A nuclear power station needs only one fire safety regulator … but a humble bedsit requires two.

That perfectly illustrates how new legislation has turned fire safety – one of the single most important issues in rented housing – into a shambles, according to one of the UK’s leading professional associations for landlords.

“And as government bureaucrats cloud the fire safety issue with wholesale confusion they are putting the lives of private sector tenants at risk,” says the Residential Landlords Association.

At the heart of the problem is the fact that two different enforcement authorities are involved - working with two pieces of legislation that have different guidelines.
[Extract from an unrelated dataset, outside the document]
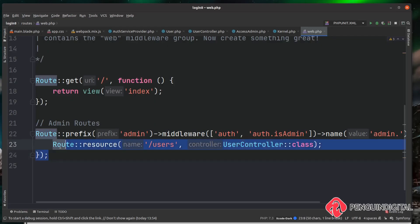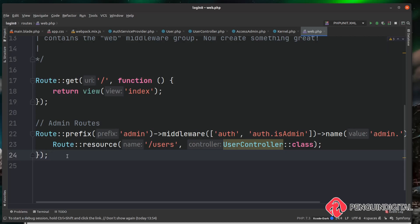Now any routes we put into this route group are going to be protected — only logged-in users with the admin role can access them. In the next video let's look at tidying up our UserController. We're going to replace the manual user creation with something called Laravel Fortify actions. When we install Laravel Fortify it creates a number of actions for us, including one that allows us to create users, and we're going to hook into that create user action throughout our entire application.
The latest Housing Act gave local authorities the responsibility to enforce fire safety under the Housing Health and Safety Rating System. And also for the licensing of ‘houses in multiple occupation’ - typically student shared houses - but only for fire safety in individual rooms, not for common areas such as corridors, halls, stairs, landings and shared kitchens or bathrooms.

Meanwhile, Fire and Rescue Authorities have responsibility under the Fire Safety Order. But only for those common areas of flats and HMOs … not the private rooms.

“Confused? So are we,” says Richard Jones - lawyer and lobbying team leader for the Residential Landlords Association whose members own over 100,000 private rented properties throughout the UK.

So the RLA has now written to the national joint working group, set up by local authorities and chief fire officers, appealing for the consistency and simplicity of a single fire regulator for residential accommodation.

“These parallel systems were introduced without any proper consideration of the relationship between them …” says Richard Jones.  “The two enforcing authorities often take different views - with each fire service laying down it’s own fire safety standards.

“So the whole new legislative structure becomes the most complex, conflicting legislation that a regulation-obsessed British government could have devised. The result is complete confusion.

“Landlords don’t know what their obligations are – and that is counter-productive to the importance that fire safety issues should command. Rather than going hand in hand with improving standards it will, on the contrary, lower them and waste the resources that could be better used on genuine improvement.

“Landlords often complain about the difficulty of dealing with different officers of the same authority who often apply different standards - but when it comes to two different authorities operating under different legislative regimes those well-grounded fears only get worse.

“The whole counter-productive chaos really came home when a senior council officer told us there could be three different sets of standards imposed on landlords. These depend whether the local housing authority is dealing under the national minimum prescribed standards for HMOs … or the Housing Health and Safety Rating System …  or the Fire Safety Order.

“The objective should be for one regulator to apply the same standard to the same kind of accommodation, irrespective of what piece of legislation applies.”